BRIEF ▸ In the listing below, find the line with "Used Left front" and copy every line from there up to and including the line with "Photo 2 of 120 De Anza 311", exactly and without pictures.

PROVIDED ENTRIES ▸
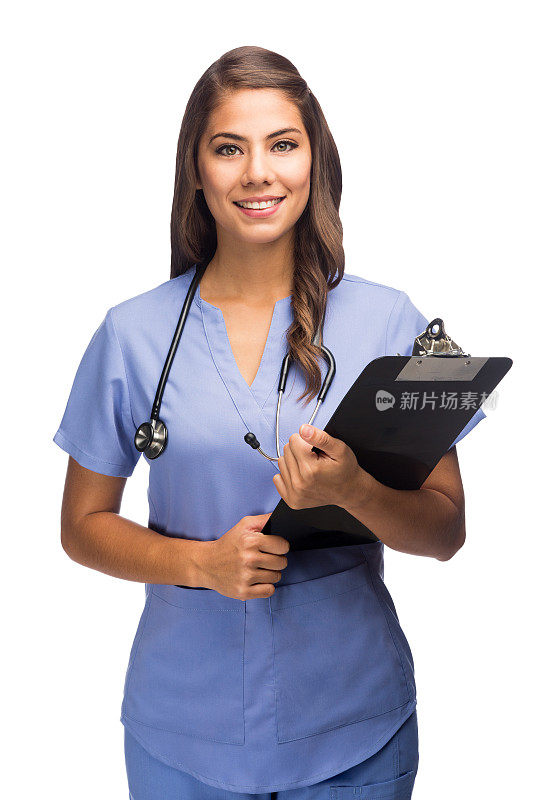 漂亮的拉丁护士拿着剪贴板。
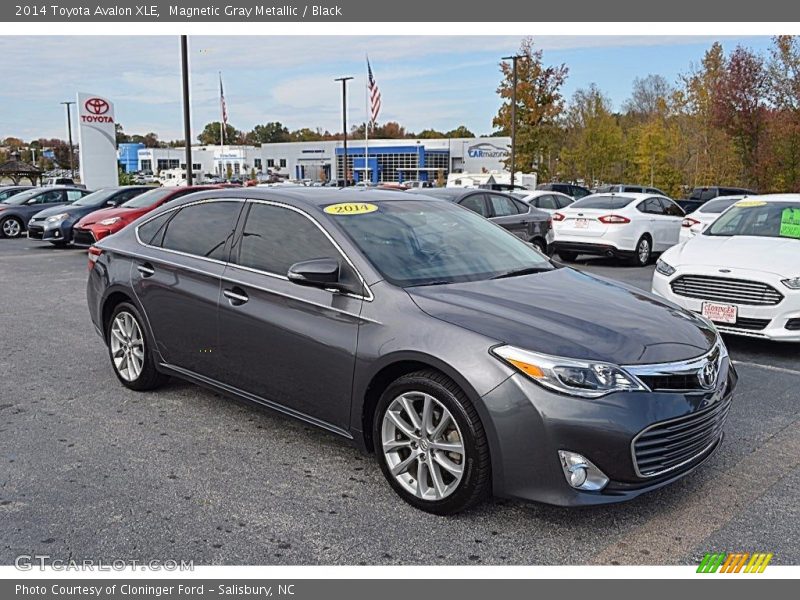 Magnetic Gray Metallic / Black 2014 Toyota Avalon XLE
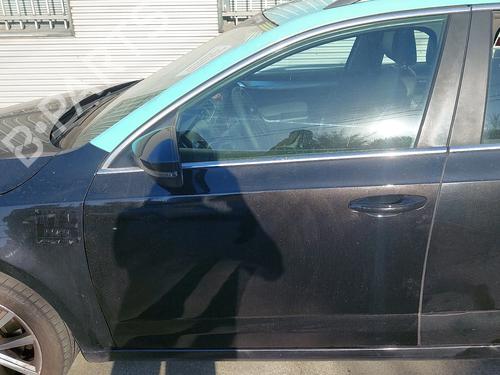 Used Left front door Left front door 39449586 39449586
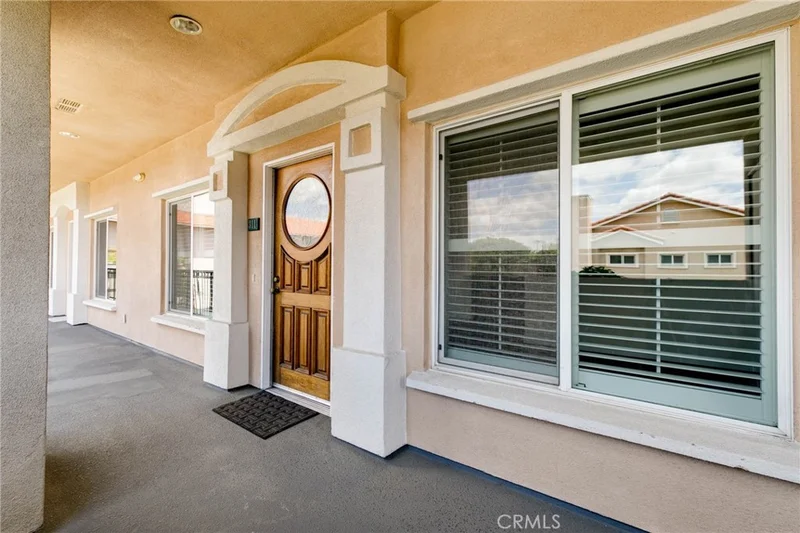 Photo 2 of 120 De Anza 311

---

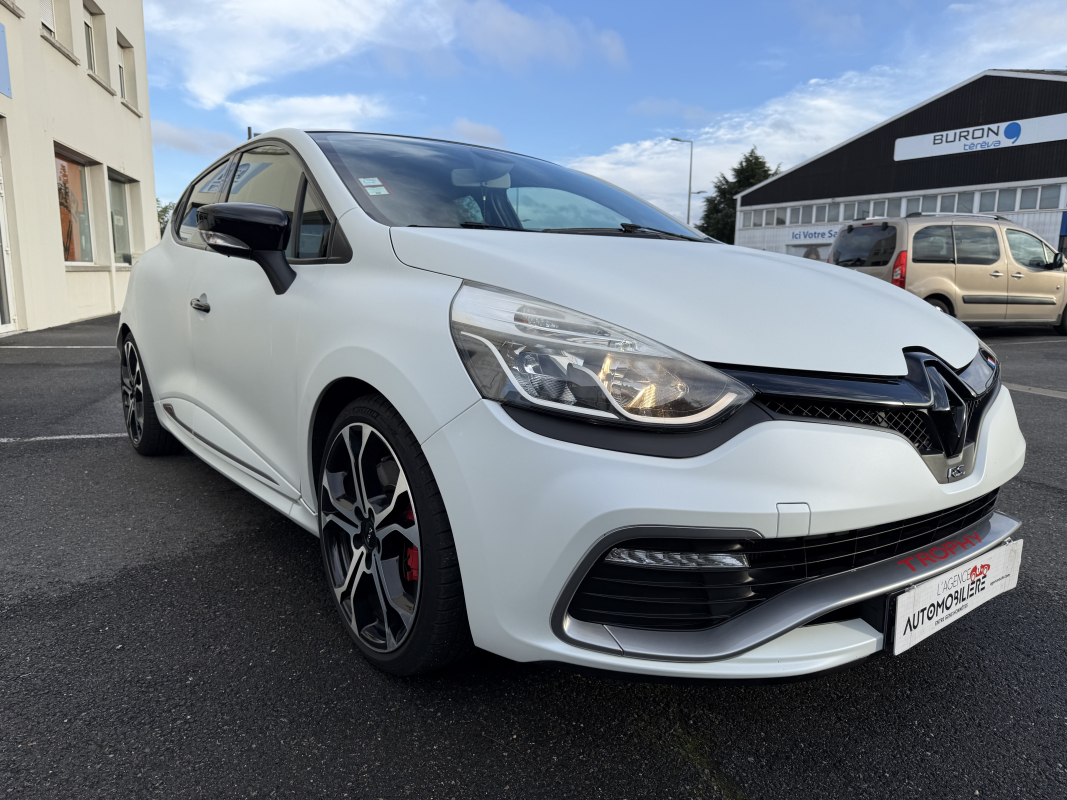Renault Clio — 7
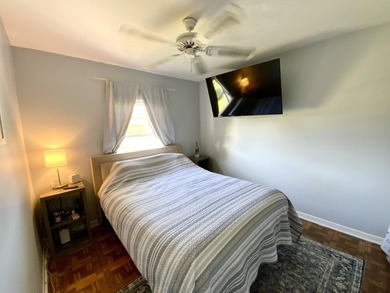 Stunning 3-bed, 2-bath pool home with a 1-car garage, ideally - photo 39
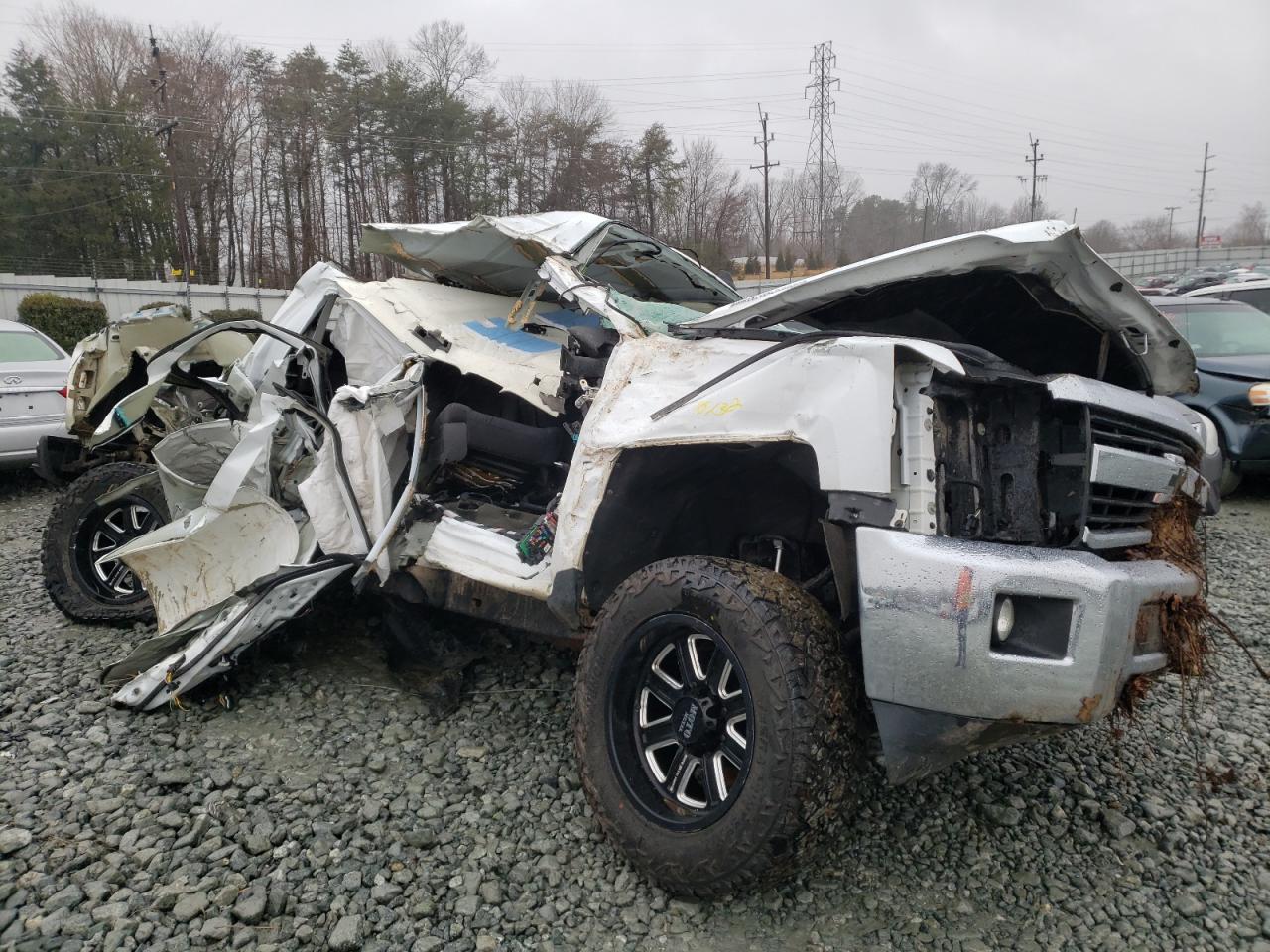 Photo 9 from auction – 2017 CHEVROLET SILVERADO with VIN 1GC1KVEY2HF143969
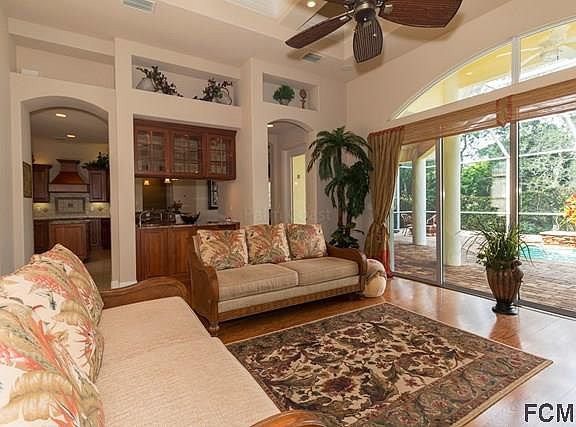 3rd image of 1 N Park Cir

SOLUTION TO THIS TASK ▸
 Used Left front door Left front door 39449586 39449586
 Photo 2 of 120 De Anza 311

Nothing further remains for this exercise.